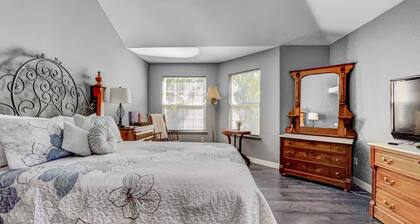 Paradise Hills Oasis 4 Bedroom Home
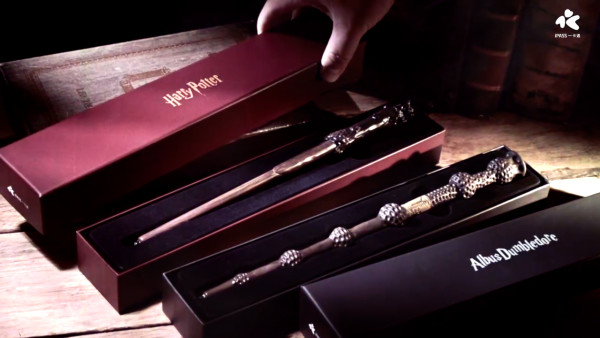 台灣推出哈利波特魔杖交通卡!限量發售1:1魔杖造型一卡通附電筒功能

________________________________________

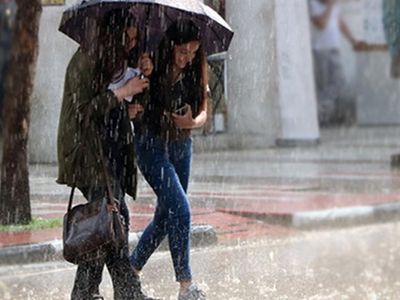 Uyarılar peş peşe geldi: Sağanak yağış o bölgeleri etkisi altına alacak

________________________________________

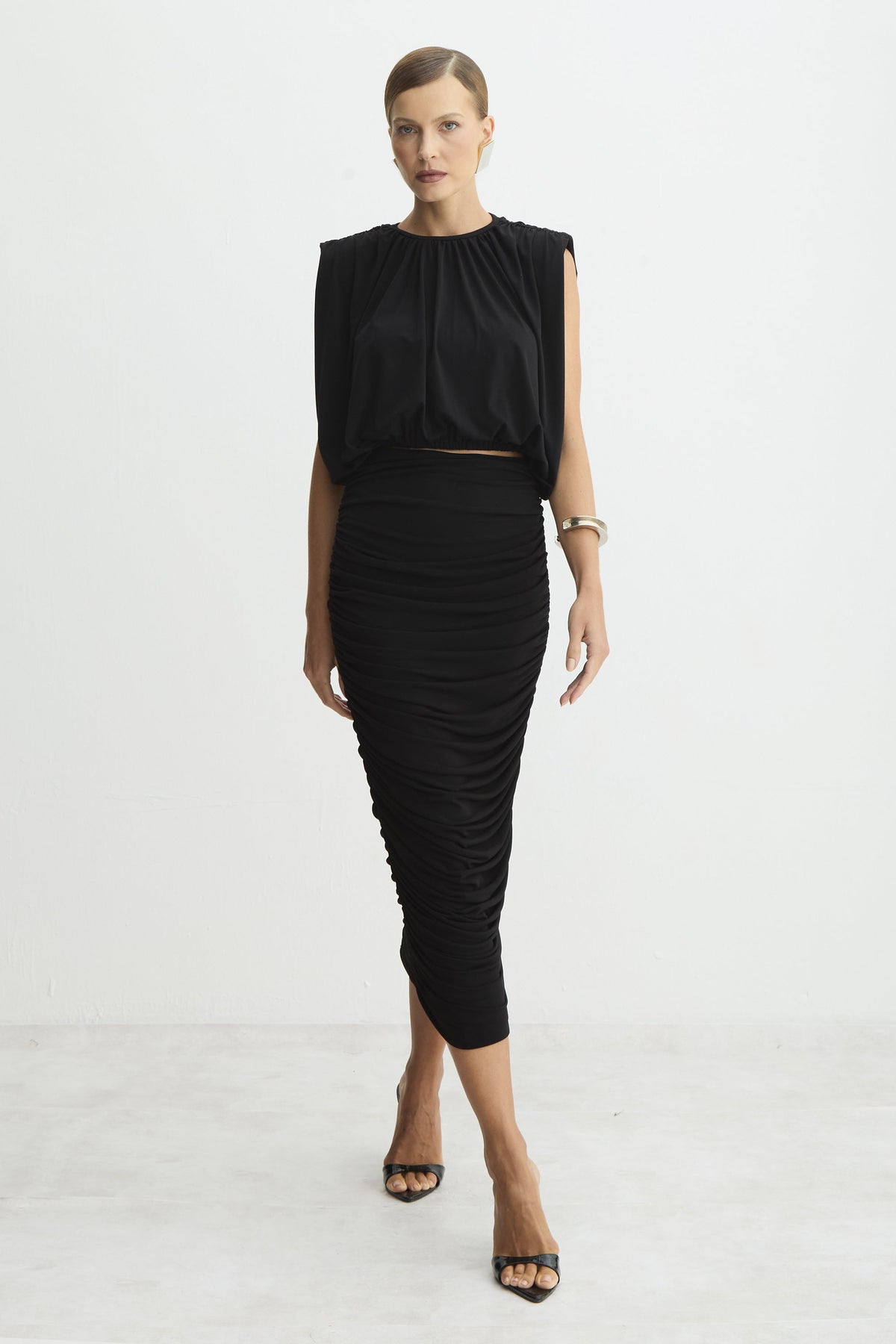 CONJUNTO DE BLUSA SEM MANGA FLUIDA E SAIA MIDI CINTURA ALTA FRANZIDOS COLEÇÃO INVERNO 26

________________________________________

To do :: Your answer must be everything above from the line with "Paradise Hills Oasis 4 Bedroom Home" down to the line with "台灣推出哈利波特魔杖交通卡!限量發售1:1魔杖造型一卡通附電筒功能", word for word, and no pictures.

Result for this task ::
 Paradise Hills Oasis 4 Bedroom Home
 台灣推出哈利波特魔杖交通卡!限量發售1:1魔杖造型一卡通附電筒功能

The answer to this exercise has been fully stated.